Medical chatbots fail safety test in BMJ Open study, reviewers flag about one fifth of answers as highly problematic across ChatGPT Gemini Grok Meta AI and DeepSeek, citation lists often incomplete or fabricated

Images

(Getty/iStock) Getty/iStock

Five widely used AI chatbots gave “highly problematic” health advice in nearly one in five answers in a new evaluation published in BMJ Open, according to an article in The Independent. Across 250 prompts, expert reviewers rated about half of responses as problematic and found that refusals to answer were rare.

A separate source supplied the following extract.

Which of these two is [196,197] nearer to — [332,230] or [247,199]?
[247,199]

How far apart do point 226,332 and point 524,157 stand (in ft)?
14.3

The researchers tested ChatGPT, Google’s Gemini, xAI’s Grok, Meta AI and DeepSeek on 50 questions each spanning cancer, vaccines, stem cells, nutrition and athletic performance. Two experts independently assessed every response, The Independent reports, and the models clustered tightly in performance: Grok was flagged most often, but none reliably avoided errors.

The failure mode was not limited to obscure edge cases. Even in areas with large bodies of established research—vaccines and cancer—the chatbots still produced problematic answers roughly a quarter of the time, according to the write-up. The biggest drop-off came in nutrition and athletic performance, domains where online information is noisy, contradictory and often commercially motivated.

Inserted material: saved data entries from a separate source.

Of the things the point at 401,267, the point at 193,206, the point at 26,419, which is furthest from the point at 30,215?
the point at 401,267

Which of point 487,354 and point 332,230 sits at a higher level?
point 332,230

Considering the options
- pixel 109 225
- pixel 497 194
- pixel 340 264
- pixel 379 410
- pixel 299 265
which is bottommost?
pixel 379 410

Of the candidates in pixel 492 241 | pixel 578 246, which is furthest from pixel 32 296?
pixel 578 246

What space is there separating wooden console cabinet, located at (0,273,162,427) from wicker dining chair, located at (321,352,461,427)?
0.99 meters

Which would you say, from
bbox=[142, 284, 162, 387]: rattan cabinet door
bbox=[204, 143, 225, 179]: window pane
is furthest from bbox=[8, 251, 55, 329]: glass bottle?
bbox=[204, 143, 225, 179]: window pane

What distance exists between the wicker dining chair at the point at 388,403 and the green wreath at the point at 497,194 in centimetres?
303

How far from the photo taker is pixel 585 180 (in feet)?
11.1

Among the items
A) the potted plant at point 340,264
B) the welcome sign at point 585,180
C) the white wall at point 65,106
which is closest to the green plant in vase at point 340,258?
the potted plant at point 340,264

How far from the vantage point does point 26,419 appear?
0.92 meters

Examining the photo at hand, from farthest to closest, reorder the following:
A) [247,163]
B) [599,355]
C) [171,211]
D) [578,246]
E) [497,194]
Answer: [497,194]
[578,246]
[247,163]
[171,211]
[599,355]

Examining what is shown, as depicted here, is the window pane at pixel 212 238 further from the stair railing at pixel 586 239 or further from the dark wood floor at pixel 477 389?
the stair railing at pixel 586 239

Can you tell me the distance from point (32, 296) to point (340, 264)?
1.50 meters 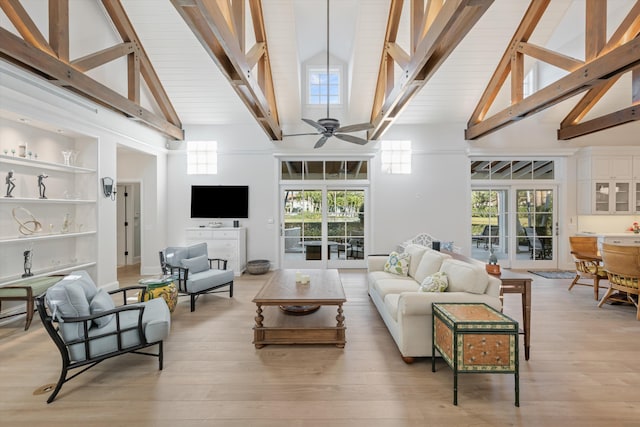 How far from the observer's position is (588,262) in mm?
4785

Open-ended prompts were where the systems most often went off the rails. The study found 32% of open-ended answers were “highly problematic”, compared with 7% for closed questions. That matters because real users rarely ask tidy yes/no queries; they ask for rankings, “best” supplements, or alternative treatments—exactly the kind of framing that rewards confident-sounding speculation.

Citations, when provided, did not function as a safety net. When the chatbots were asked to supply ten scientific references, the median completeness score was 40%, and none produced a fully accurate reference list in 25 attempts, The Independent reports. Errors ranged from incorrect bibliographic details to broken links and fabricated papers—problems that can be hard for non-experts to detect but can lend false authority to the surrounding text.

The authors describe the exercise as a stress test: prompts were designed to push the models toward misleading answers, a standard “red teaming” approach. That likely inflates error rates relative to neutral questions. But it also matches how people actually use these systems in moments of uncertainty—probing, anxious, and often primed to seek confirmation.

In the study, only two out of 250 questions were flatly refused. The rest produced an answer, polished enough to pass as clinical guidance, even when it wandered into overclaiming. The practical effect is that a chatbot can look like a second opinion while behaving more like an autocomplete engine trained on the internet.

The paper’s dataset was built using free versions of the tools available in February 2025, and performance may change as models are updated. For users, the interaction will still be the same: a text box, a plausible response, and a reference list that usually cannot be checked in real time.